CAM High Yield Weekly Insights


CAM High Yield Weekly Insights

(Bloomberg)  High Yield Market Highlights

  • US junk bond spreads jumped 11 basis points, the most one-day widening in six months, to a three-month high of 325, abruptly snapping the broad rally and triggering negative returns across the risk spectrum. The losses came after data showed further evidence that US manufacturing shrank the most in eight months and unemployment claims rose to a one-year high.
  • The broad market losses driven by weak data seemed to question the Federal Reserve’s decision to not cut rates in the meeting earlier this week.
  • The market has now priced in three rate cuts in 2024. The swaps market shows there is a 50% chance of one 50bps cut
  • Softer-than-expected economic data from the past few weeks point to an economy that’s potentially slowing too fast. The market is clearly worried about tail risk, and a flight to quality is taking place, Brad Rogoff and Dominique Toublan of Barclays wrote on Friday
  • The losses in the US junk bond cut across ratings taking cue from tumbling equities and a sell off in US Treasuries
  • US junk bond yields rose , though modestly, to 7.61%, still just two basis points above the 2024 low of 7.59%
  • BB spreads widened 10 basis points, also the biggest one-day jump in six months, to a two-month high 199. Yields rose to 6.32%, still just four basis points above a 17-month low of 7.28%
  • CCC spreads rose 12 basis points, the most widening in more than two weeks, to 800. Yields rose to 12.28%
  • The wild swings across risk assets are spurred by investors’ struggle to assess broad macro data and weakening corporate outlook at a time when the Fed seems to be not terribly concerned about growth

 

(Bloomberg)  Powell Says Fed Could Cut Rates ‘As Soon As’ September Meeting

  • Federal Reserve Chair Jerome Powell said an interest-rate cut could come as soon as September after the US central bank voted to leave its benchmark at the highest level in more than two decades.
  • “The question will be whether the totality of the data, the evolving outlook, and the balance of risks are consistent with rising confidence on inflation and maintaining a solid labor market,” Powell told reporters Wednesday. “If that test is met, a reduction in our policy rate could be on the table as soon as the next meeting in September.”
  • His comments followed a Federal Open Market Committee decision to leave the federal funds rate in a range of 5.25% to 5.5%, a level they have maintained since last July.
  • Policymakers also made several adjustments to the language of a statement released after their two-day meeting in Washington, signaling they are closer to reducing borrowing costs.

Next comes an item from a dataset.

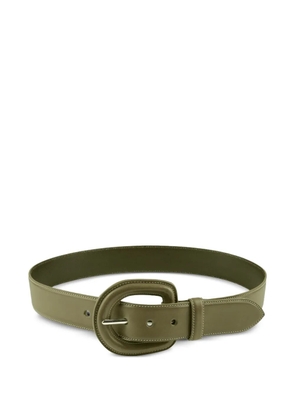 SERGIO GAVAZZENI Aloe buckle belt - Green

Notably, the committee shifted to saying it is “attentive to the risks to both sides of its dual mandate,” rather than prior wording focused just on inflation risks.
  • “In recent months, there has been some further progress toward the committee’s 2% inflation objective,” the FOMC statement said. “The committee judges that the risks to achieving its employment and inflation goals continue to move into better balance.”
  • Officials also tempered their assessment of the labor market, noting job gains had moderated and the unemployment rate has moved up, but is still low. They said inflation has eased over the past year but remains “somewhat elevated.”
  • Still, policymakers retained language that they didn’t expect it would be appropriate to lower borrowing costs until they had gained “greater confidence” that inflation is moving toward their target sustainably.
  • The changes in the statement solidify a shift in tone among several policymakers, including Powell, recognizing growing risks to the labor market.
  • A number of former Fed officials and economists had urged the Fed to cut rates at this meeting, including former Fed Vice Chair Alan Blinder and former New York Fed President William Dudley.

 

This information is intended solely to report on investment strategies identified by Cincinnati Asset Management. Opinions and estimates offered constitute our judgment and are subject to change without notice, as are statements of financial market trends, which are based on current market conditions. This material is not intended as an offer or solicitation to buy, hold or sell any financial instrument. Fixed income securities may be sensitive to prevailing interest rates. When rates rise the value generally declines. Past performance is not a guarantee of future results.